Como profesionales del sector, desde Pinturas Apiba, queremos daros algunos consejos que nosotros mismos llevamos a cabo para realizar bien nuestro trabajo y mantener en buen estado nuestros materiales.

Desde que empezamos a preparar la pintura hasta que, tras finalizar, pasamos a limpiar el suelo y demás sitios que podamos haber manchado durante el proceso, hay varios tips que os pueden facilitar la tarea en cada una de sus fases y ayudaros a mejorar.

 

Prepara correctamente el espacio

Antes de comenzar a pintar es necesario que reparemos las imperfecciones que tenga la pared, ya que si existen grietas o cualquier tipo de agujero con la pintura no será suficiente. Para ello existen masillas que son perfectas para rellenar este tipo de defectos.

También es aconsejable que iluminemos bien el espacio sobre el que vamos a trabajar. Aprovechar la luz del día podría marcar una gran diferencia en el resultado final, ya que esta luz es muy intensa y nos permite ver la cobertura de la pintura para darle un acabado más perfecto y profesional.

 

Quita las manchas

Aunque hayamos protegido el suelo sobre el que vamos a pintar, es muy probable que lo salpiquemos sin querer. Es recomendable, que si esto pasa, quitemos la mancha con la mayor rapidez posible, ya que de este modo, conseguiremos eliminarla con mayor facilidad. Si por el contrario, no nos hemos dado cuenta de la mancha hasta más tarde, cuando ya está seca, son diferentes los pasos a seguir dependiendo del tipo de suelo y de pintura.

Si el suelo fuera de parqué tendríamos que calentar la mancha y frotarla con un paño húmedo a continuación. En cambio, si se tratara de un suelo de baldosas podríamos hacer uso de limpiadores industriales destinados a este tipo de usos.

 

Limpia bien brochas y pinceles

Una vez terminamos de pintar, no acaba nuestro trabajo respecto a la pintura y sus materiales. Es importante limpiar bien brochas y pinceles para que puedan conservarse en buen estado y durar más tiempo. La limpieza de cada uno de los utensilios dependerá del tipo de material con el que está hecho y de la pintura que hemos utilizado. Además, es muy probable que en el caso de la pintura esté indicado en el mismo recipiente el producto con el que sería conveniente limpiarlo tras su utilización.
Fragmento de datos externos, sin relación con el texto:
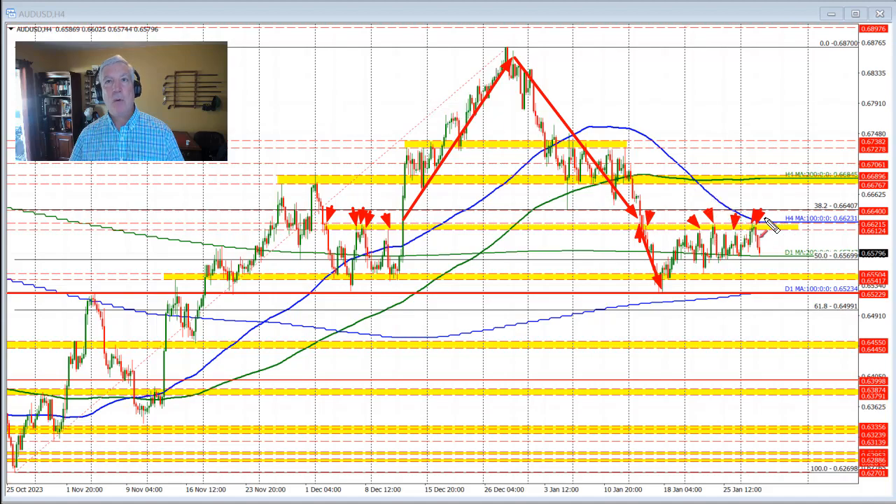In trading this week the price high came up toward that level and found sellers also. We also have the 100-bar moving average on this four-hour chart, which is coming in near the high of that swing area near the 0.6623 level. So this area between 0.6612 and 0.6623 is what needs to get broken on the topside if the buyers are to take more control. If it does break above this level, we should expect to see further upside momentum in this pair.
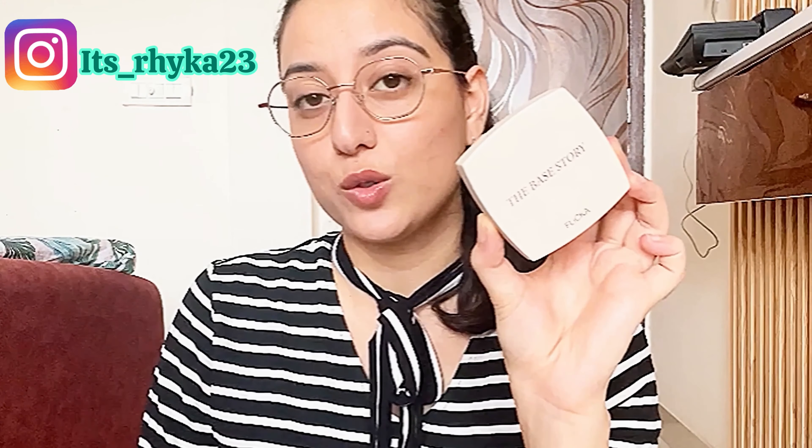If I talk about the packaging first, this comes in a pink sort of cute cardboard packaging. On the back of the packaging, you can get all the details like ingredients, price, manufacturing date, shade name — everything is mentioned. As I am sharing my first impression, I have not seen the packaging or the shade yet, so let me open it in front of you. It's very cute, very handy, and also not one of those flimsy packagings — it's quite sturdy.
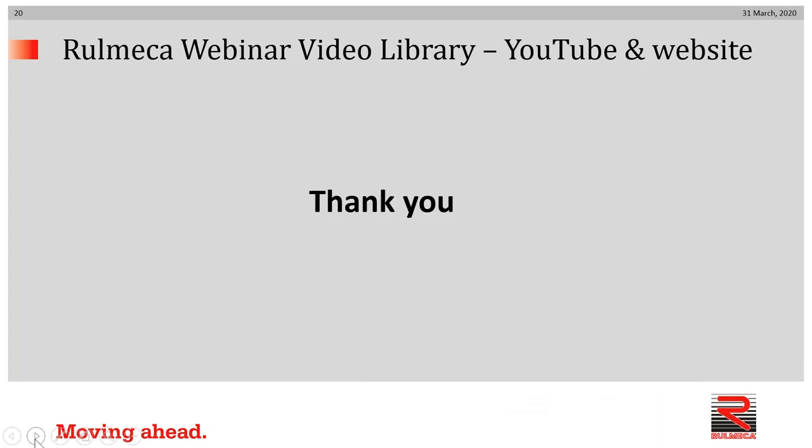I want to conclude this presentation and thank you for your attention. If you have any questions related to conveyor drive technology, conveyor drive problems, or conveyor belt power calculations, please don't hesitate to contact us at sales-us@Remeca.com. Thank you.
Por ello, es importante que prestemos atención a las indicaciones que figuran en los productos y que, si no estamos seguros, nos informemos. Por ejemplo, hay pinturas plásticas que con simplemente agua se pueden limpiar, otras haciendo uso de aguarrás y otras con productos específicos.

 

Guarda la pintura correctamente

Es importante mantener la pintura en lugares secos y sin grandes cambios de temperatura, ya que de lo contrario podríamos dañar el producto incluso antes de utilizarlo. También es recomendable que tras la utilización del producto cambiemos la pintura de recipiente, pues en la mayoría de los casos suelen venderse en recipientes de metal que pueden acabar oxidándose con el paso del tiempo, por lo que sería mejor usar envases de vidrio o plástico.